### Description of the task
Repeat the span of the entries below that starts at the line with "大智慧主力控盘好公式副图源码" and ends at the line with "New Suffolk tide", nothing more. Skip the pictures.

### Data for analysis
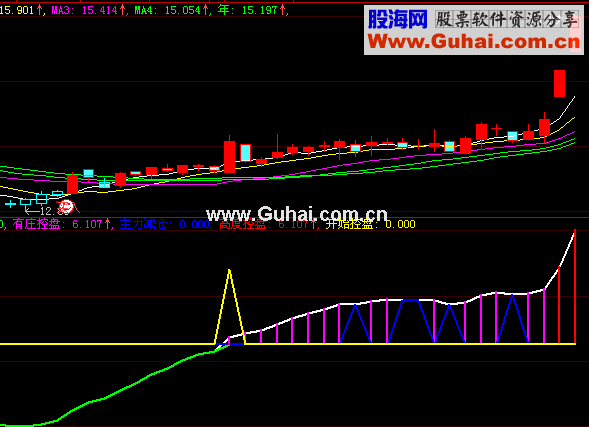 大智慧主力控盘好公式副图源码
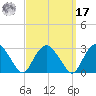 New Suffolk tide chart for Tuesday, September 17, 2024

==

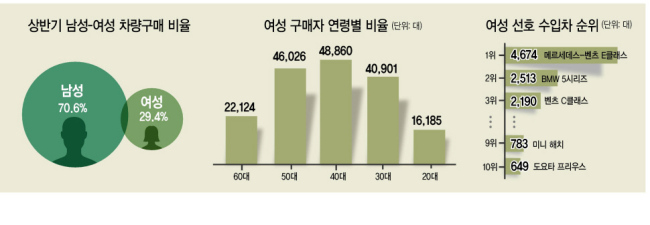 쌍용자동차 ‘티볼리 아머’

### Result of the task
 大智慧主力控盘好公式副图源码
 New Suffolk tide chart for Tuesday, September 17, 2024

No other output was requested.